To protect against being pulled off if Droz falls, Kelleghan places a Mini Traxion on the bolted anchor atop the first pitch’s 5.11 finger crack and then a second one atop the 5.10b arête pitch on pitch two. In the final hand crack, Kelleghan places a third Mini Traxion on a hand-sized cam, and then it comes to Droz to catch up to Kelleghan. Droz sprints to the top laden with the rack. When she summits, she unties, while Kelleghan, who has already started the descent, coils the rope while descending. (On their record-setting climb, they summitted in approximately 28 minutes.) The pair then rapid-fire downclimb the East Slabs of the Redgarden Wall (“third class,” but probably 5.0), then Droz catches up to Kelleghan just a few seconds behind her at the bridge. When both climbers tag the bridge, the clock stops.

Historically, speed climbing has been a male-dominated arena, though women have been quickly closing the gap. On the 15-meter IFSC speed wall, Reza Alipour of Iran holds the current male speed record with a time of 5.48 seconds, while Aleksandra Miroslaw of Poland holds the current female speed record of 6.84 seconds. On the 3,000-foot Nose of El Capitan, the time gap is wider. Alex Honnold and Tommy Caldwell hold the record with a time of 1:58:07, while Libby Sauter and Mayan Smith-Gobat hold the women’s record with a time of 4:43.

Droz and Kelleghan’s time on the Naked Edge—the third international speed-climbing arena—edges them closer to the men’s time, with a gap of 13 minutes.
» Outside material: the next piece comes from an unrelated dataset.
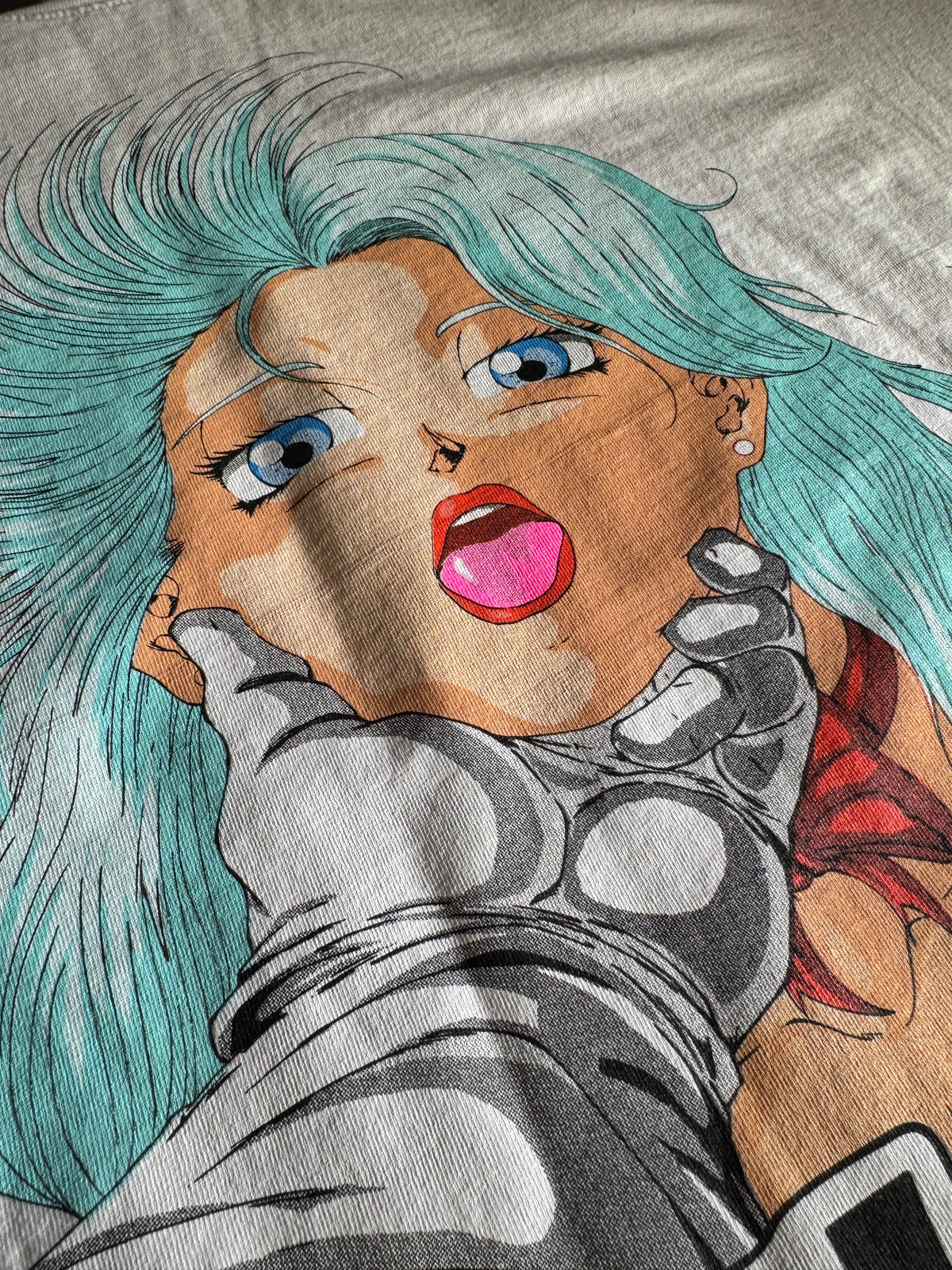 White - Bulma - Shirt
However, they’re breaking new ground. Droz noted that Madaleine Sorkin had previously been the only woman to have led the Naked Edge in a single pitch before she (Droz) started climbing the route with Kelleghan. The leap from pitching it out, to climbing it in two pitches, to climbing it in a single pitch proved significant for Droz—perhaps as substantial as setting the speed record in part because she and Kelleghan currently have no other female competition for the record.

Whether female times should be compared with male times is a difficult question, and moves into the controversial arena of first female ascents and how different genders compete with each other. “It’s also a topic that I think women should be in control of,” notes Sauter of men’s and women’s records being compared. “When the majority of women feel that we should be competing against men or [have] our records and FAs compared against them…that’s when I think it should happen.”

“I think it’s important that other women see women are doing that,” says Kelleghan of women setting speed records, pushing themselves on hard climbs, and having fun while doing it.

At the bridge in Eldorado, after the women had already hustled up the route twice in a day, an Eldorado local approached them. Regina regularly runs through the state park, and had watched the pair climb the route from the road. That night, she would write in her journal about the pair’s partnership, dedication, and how she’d been inspired to take Droz and Kelleghan’s efforts and apply them to her own life. As Regina demonstrated, more important than the times, the superlatives, or the details of the climb is the way they inspire.